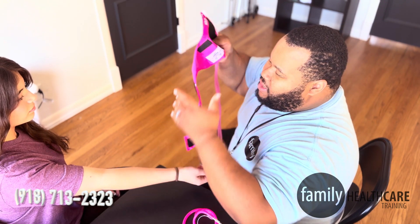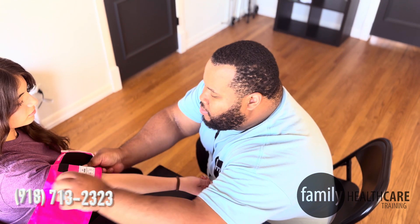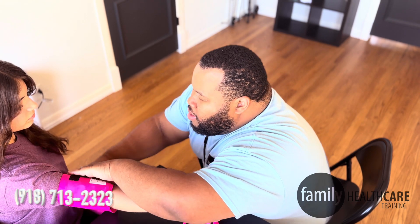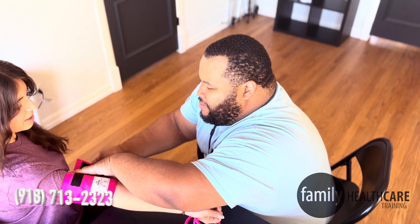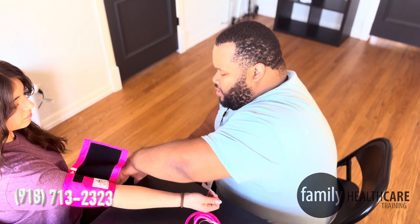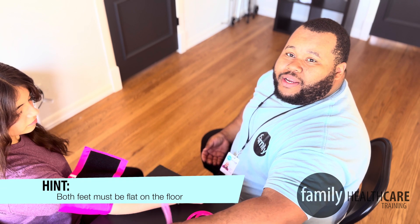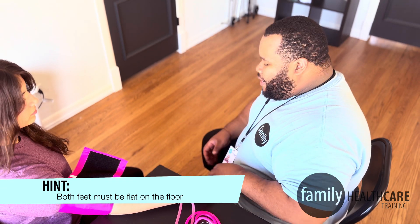I'm going to have you put your arm out — it's going to be a little snug. Just like that — you can relax that arm down. You want to make sure your patient's arm is relaxed and that they have both feet flat on the floor.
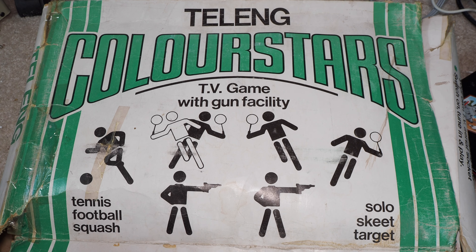This is the Telang ColorStars. It's another Pong system. I want to just explain that I had to re-record the audio on this, so I might sound a little bit different. There was an issue while I was working on these — I work on these in batches at times.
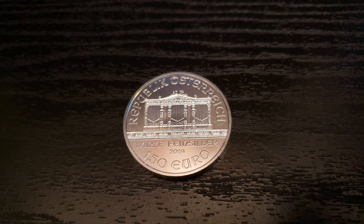Hello everyone, Southside Stacker here, and today I'm going to review the 2019 Silver Philharmonic. The Philharmonic is a one-ounce silver coin produced by the Austrian Mint. Since I have reviewed this before, I'm going to try to keep it short, but we all know trying is the first step to failure, so let's see what happens.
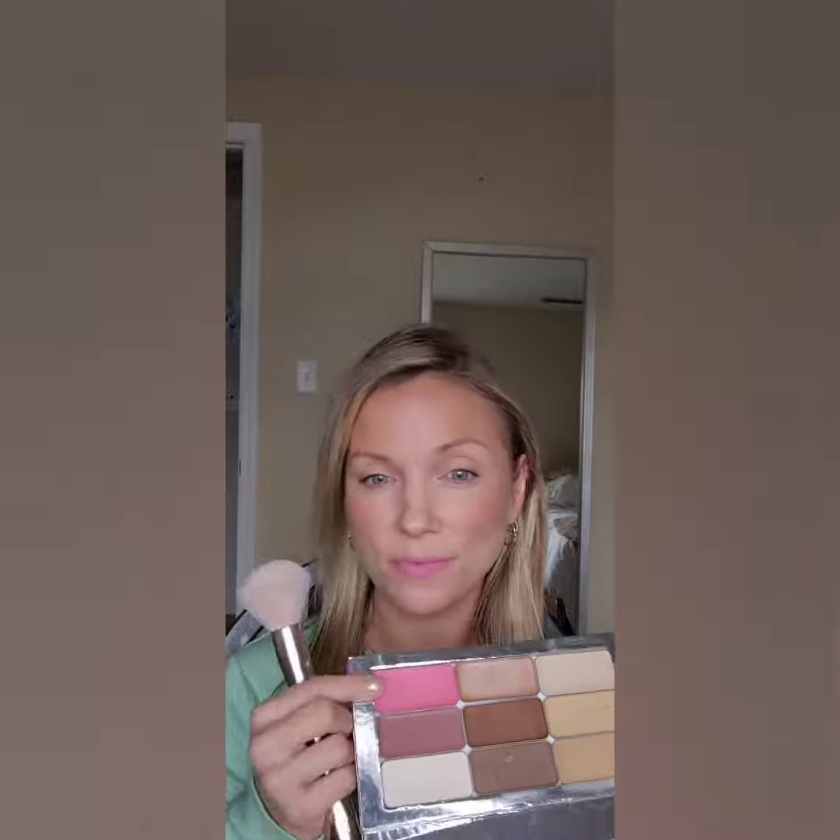Cream blush is a game changer — if you haven't tried it, I highly recommend it. These are for your lips and cheeks, very interchangeable. You can add two colors to your cheek for an ombre effect, or add two to your lips to customize colors, or just use one shade.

··········

[ABOUT THIS TASK] All of the material above is to be retyped exactly, with no pictures included.

[YOUR RESPONSE]
I'm going to have you put your arm out — it's going to be a little snug. Just like that — you can relax that arm down. You want to make sure your patient's arm is relaxed and that they have both feet flat on the floor.
This is the Telang ColorStars. It's another Pong system. I want to just explain that I had to re-record the audio on this, so I might sound a little bit different. There was an issue while I was working on these — I work on these in batches at times.
Hello everyone, Southside Stacker here, and today I'm going to review the 2019 Silver Philharmonic. The Philharmonic is a one-ounce silver coin produced by the Austrian Mint. Since I have reviewed this before, I'm going to try to keep it short, but we all know trying is the first step to failure, so let's see what happens.
Cream blush is a game changer — if you haven't tried it, I highly recommend it. These are for your lips and cheeks, very interchangeable. You can add two colors to your cheek for an ombre effect, or add two to your lips to customize colors, or just use one shade.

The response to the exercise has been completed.